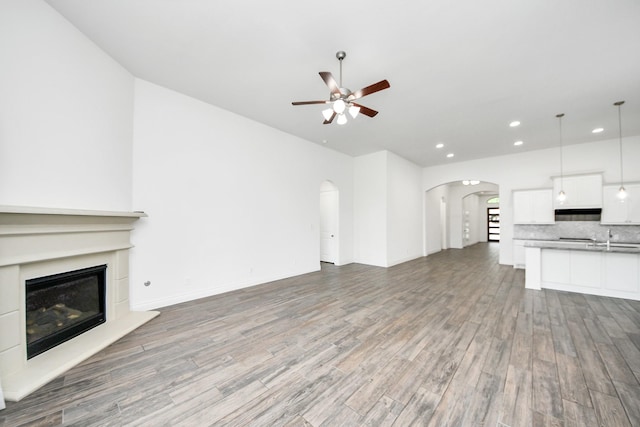 28430 Sycamore Falls Ln, Fulshear, TX 77441 - unfurnished living room with arched walkways, a ceiling fan, recessed lighting, wood finished floors, and a glass covered fireplace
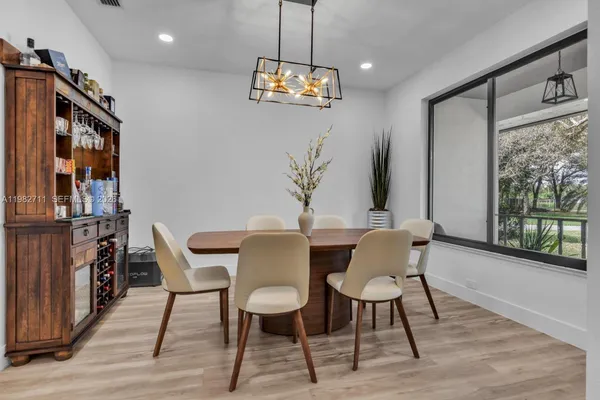 a dining room with furniture a chandelier and wooden floor
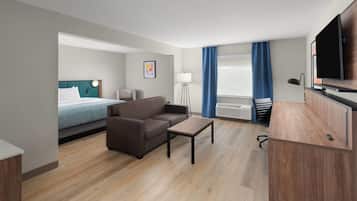 Suite, 1 King Bed with Sofa bed, Non Smoking | In-room safe, desk, laptop workspace, iron/ironing board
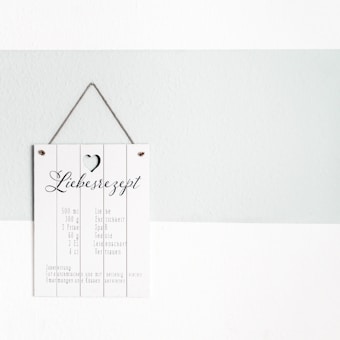 A decorative sign hangs on a light gray and white wall. The sign has a rustic wooden texture with a small heart cut-out at the top. It features playful typography with the word 'Liebesrezept' and a list of ingredients written below in German, suggesting a 'recipe for love.'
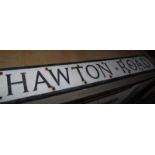 A pressed aluminium 'Hawton Road' street sign.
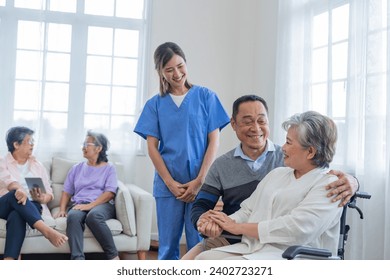 Asian young nurse support couple senior older man and woman in a wheelchair. elderly mature and a group of senior friends living in the hospital. socializing of retired people. - Powered by Shutterstock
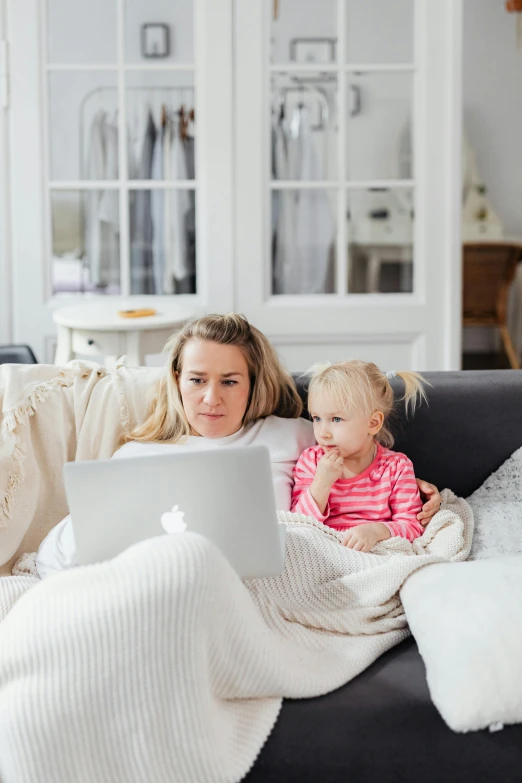 a woman and child sitting on a couch with a laptop, pexels, square, watching tv, high quality photo, caucasian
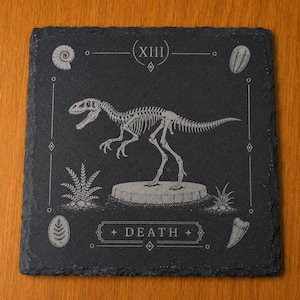 Puede incluir: Un posavasos cuadrado de pizarra negra con el grabado de un esqueleto de dinosaurio sobre una base circular. El dise&ntilde;o incluye el n&uacute;mero romano XIII en la parte superior, la palabra DEATH en la inferior y f&oacute;siles en las esquinas.
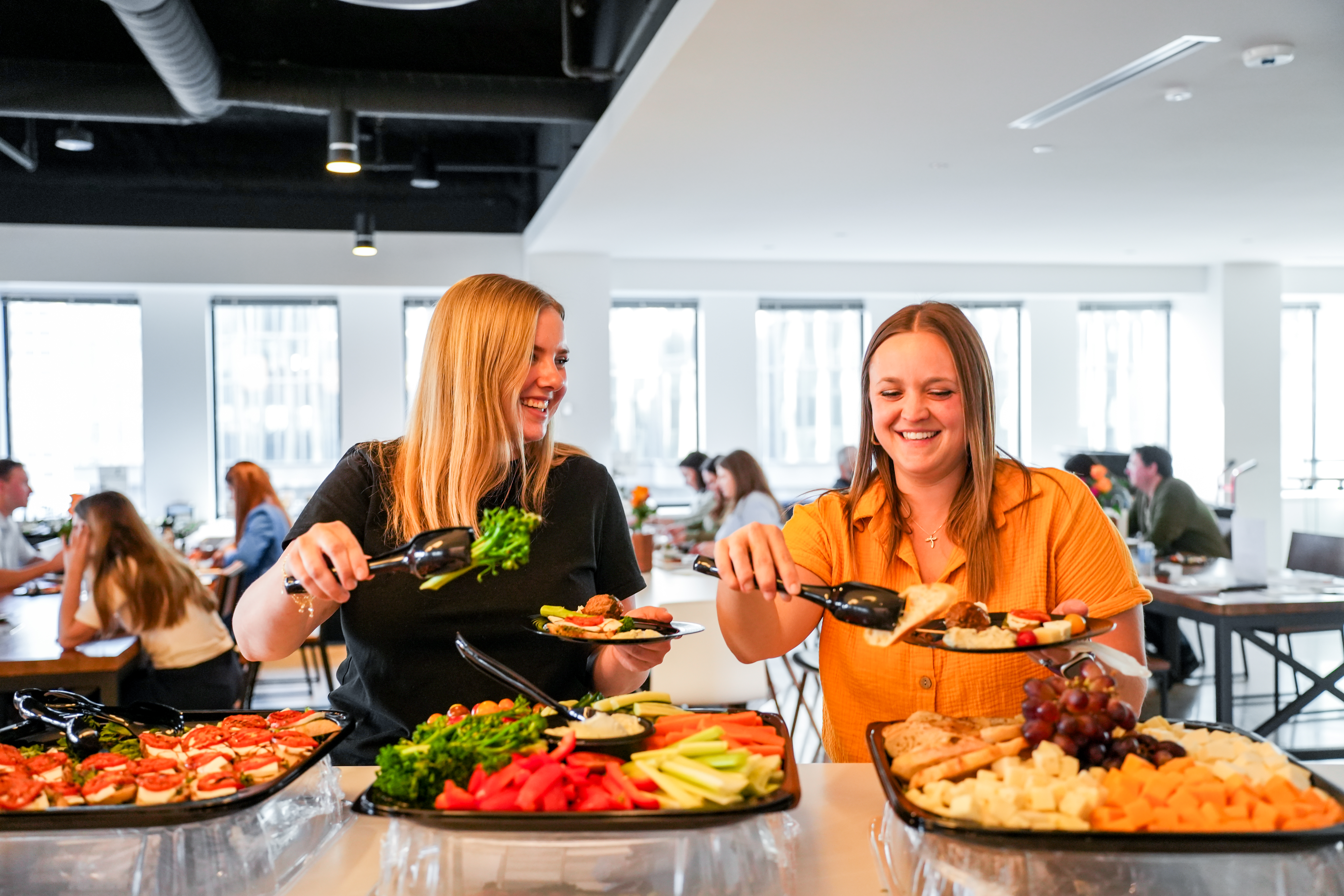 Two smiling coworkers filling their plates from catering platters at an office gathering.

————————

- Task brief: Pictures aside, write out verbatim every line from the first line of the material through the line holding "a dining room".

- Expected answer:
 28430 Sycamore Falls Ln, Fulshear, TX 77441 - unfurnished living room with arched walkways, a ceiling fan, recessed lighting, wood finished floors, and a glass covered fireplace
 a dining room with furniture a chandelier and wooden floor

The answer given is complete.